Uwe Niemeier 22.12.2012 - 09:38

Ihre Frage Cello, ist einfach zu beantworten ...


... die Registrierung braucht niemand, auch nicht der russische Staat. Die Registrierungspflicht bei einem Aufenthalt von mehr als 9 Kalendertagen ist eine politische Maßnahme, ein weiteres Element möglicher Zugeständnisse im Rahmen von Visaerleichterungen.

Dies zum einen. Was die Registrierung an sich anbelangt, so haben Sie als Ausländer damit eigentlich nichts zu tun. Denn Sie selber dürfen sich gar nicht registrieren, das muss die einladende Stelle tun - also i.d.R. die russische Seite (Firma, Hotel, russ.

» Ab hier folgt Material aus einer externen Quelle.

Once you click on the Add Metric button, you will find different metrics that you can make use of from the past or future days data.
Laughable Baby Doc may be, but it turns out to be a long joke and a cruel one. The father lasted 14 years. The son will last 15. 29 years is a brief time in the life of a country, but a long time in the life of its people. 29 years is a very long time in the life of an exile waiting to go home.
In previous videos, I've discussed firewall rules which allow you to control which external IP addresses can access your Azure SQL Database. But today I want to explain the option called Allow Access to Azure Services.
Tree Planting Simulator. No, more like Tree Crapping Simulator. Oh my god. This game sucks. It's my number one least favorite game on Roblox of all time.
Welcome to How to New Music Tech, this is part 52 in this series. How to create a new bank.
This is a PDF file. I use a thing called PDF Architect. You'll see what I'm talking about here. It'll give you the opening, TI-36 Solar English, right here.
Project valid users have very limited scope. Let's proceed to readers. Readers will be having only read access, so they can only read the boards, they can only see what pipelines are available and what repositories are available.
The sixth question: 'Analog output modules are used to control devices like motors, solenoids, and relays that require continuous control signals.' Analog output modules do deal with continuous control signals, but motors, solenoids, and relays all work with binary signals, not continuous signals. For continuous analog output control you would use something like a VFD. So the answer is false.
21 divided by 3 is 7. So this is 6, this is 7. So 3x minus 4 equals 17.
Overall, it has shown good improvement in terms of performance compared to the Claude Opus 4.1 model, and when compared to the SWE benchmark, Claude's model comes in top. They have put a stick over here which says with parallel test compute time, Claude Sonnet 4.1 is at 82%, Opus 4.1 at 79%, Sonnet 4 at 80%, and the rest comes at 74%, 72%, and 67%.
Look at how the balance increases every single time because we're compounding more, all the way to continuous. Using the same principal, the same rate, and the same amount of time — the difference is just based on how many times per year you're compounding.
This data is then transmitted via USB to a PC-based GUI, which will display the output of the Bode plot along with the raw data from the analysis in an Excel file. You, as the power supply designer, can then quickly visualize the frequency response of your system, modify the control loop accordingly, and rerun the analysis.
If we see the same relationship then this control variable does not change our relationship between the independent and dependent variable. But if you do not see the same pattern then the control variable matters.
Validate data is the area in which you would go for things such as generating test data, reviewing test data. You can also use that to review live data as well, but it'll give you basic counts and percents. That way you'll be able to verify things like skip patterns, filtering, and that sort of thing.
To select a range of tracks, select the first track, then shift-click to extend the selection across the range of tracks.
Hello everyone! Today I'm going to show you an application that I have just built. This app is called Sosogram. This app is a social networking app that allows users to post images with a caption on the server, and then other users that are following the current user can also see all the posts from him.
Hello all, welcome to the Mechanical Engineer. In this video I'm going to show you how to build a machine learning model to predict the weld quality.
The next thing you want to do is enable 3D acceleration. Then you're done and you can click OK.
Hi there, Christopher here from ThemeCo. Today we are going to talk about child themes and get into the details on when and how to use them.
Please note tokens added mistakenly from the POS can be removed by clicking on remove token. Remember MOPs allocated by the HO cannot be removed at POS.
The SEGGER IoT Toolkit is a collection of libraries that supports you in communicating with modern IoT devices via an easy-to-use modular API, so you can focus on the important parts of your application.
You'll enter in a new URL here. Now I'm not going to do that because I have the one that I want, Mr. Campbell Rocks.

Bekannte bei Privateinladung).

Was Meldepflichten russischer Bürger innerhalb Russlands anbelangt, so sind diese auch verpflichtet - genau wie in Deutschland - sich an- und abzumelden. Meine Firma übernimmt dies in Kaliningrad. Ist ein minimaler Aufwand, insbesondere wenn man ein gutes (korruptionsfreies) zwischenmenschliches Verhältnis zu den entsprechenden Stellen hat.


Cello 22.12.2012 - 07:43

Viel Diskussion ueber Visafreiheit

Gemaess Putin ist RU bereit fuer den freien, oder erleichterten Personenverkehr RU / EU was sicherlich zu begruessen ist. Ein auf mich eher stoerender Faktor, wird jedoch bis dato nirgends direkt hingewiesen, naemlich die aus meiner Sicht \" daemliche Registration \" welche oft sehr Zeitintensiv ist. Ich verstehe bspw. nicht, weshalb sich auslaendische Personen in RU und bei russischen Privatpersonen lebend (2 Wochen Ferien) zusaetzlich einer weiteren Registration unterziehen muessen, zumal im Visaantrag (auf Einladung) zuvor alle Angaben gemacht werden muessen? Umgekehrt meine Lebenspartnerin jedoch in den Schengen Raum (lediglich mit gueltigem Visa) einreisen kann, ohne sich danach noch einmal zusaetzlich (privater Aufenthalt) registrieren zu muessen. Also wen schon freier Personenverkehr, dann aber auch fertig mit dieser sinnlosen Registration! Meinte mal gelesen zu haben, dass sich strengrechtlich gar ein Russe, an seinem Wohnort abmelden sollte, wenn seine Abwesenheit laenger als 72 Std dauert und sich am Zielort (anderer Oblast) neu registrieren?!?!?!


Stoll 22.12.2012 - 07:22

Die EU fürchtet Gefahren für die Sicherheit, weil russische Pässe nicht fälschungssicher seien und die Behörden nicht genug gegen Korruption und organisiertes Verbrechen tun.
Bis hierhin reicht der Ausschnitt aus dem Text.